> **Exercise prompt**
In the entries below, locate the line with "Etiquetas para Cabos", then give again that line and all lines after it, exactly, with pictures omitted.

> **Crawled caption data**
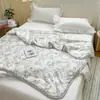 Colcha de algodón de punto de verano para niños con dinosaurios, manta de aire acondicionado para bebé, colcha fina de verano de dibujos animados para guardería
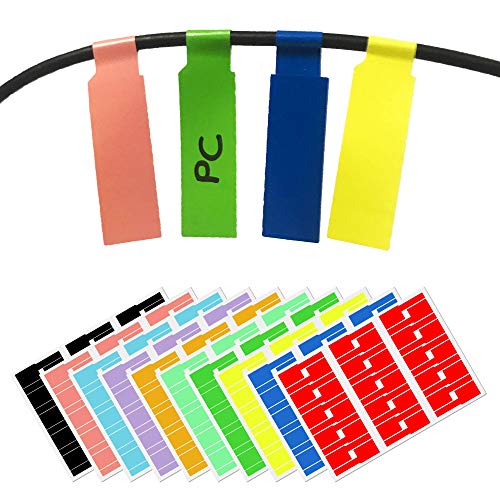 Etiquetas para Cabos 3M 10 Cores (A4 - 300 Unidades) TownStix - Marcadores de identificação de fios e cabos - etiquetas, cabos, 3m, cores, a4, unidades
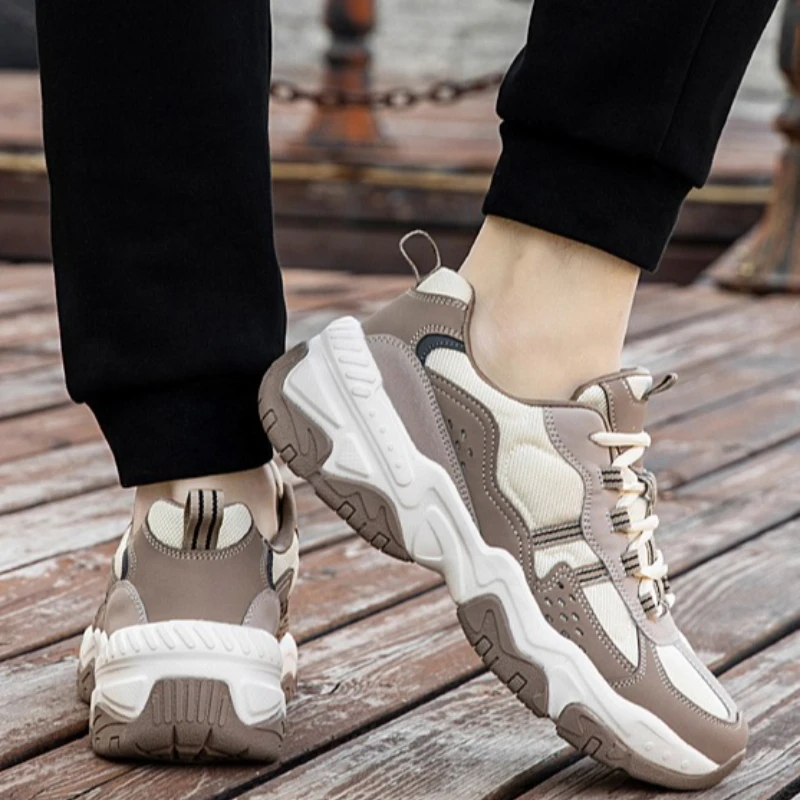 New Pure Spring Round-toe Color-block Casual Men's Anti-slip Fashionable High-quality Flat Low-top Sports Hiking Running Shoes
New Pure Spring Round-toe Color-block Casual Men's Anti-slip Fashionable High-quality Flat Low-top Sports Hiking Running Shoes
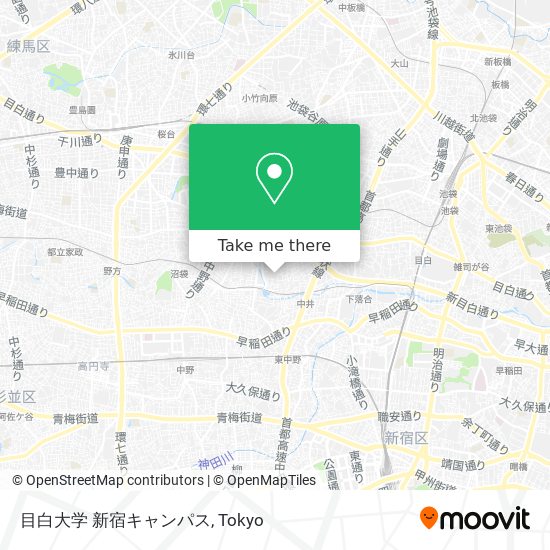 目白大学 新宿キャンパス map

> **Answer space**
 Etiquetas para Cabos 3M 10 Cores (A4 - 300 Unidades) TownStix - Marcadores de identificação de fios e cabos - etiquetas, cabos, 3m, cores, a4, unidades
 New Pure Spring Round-toe Color-block Casual Men's Anti-slip Fashionable High-quality Flat Low-top Sports Hiking Running Shoes
New Pure Spring Round-toe Color-block Casual Men's Anti-slip Fashionable High-quality Flat Low-top Sports Hiking Running Shoes
 目白大学 新宿キャンパス map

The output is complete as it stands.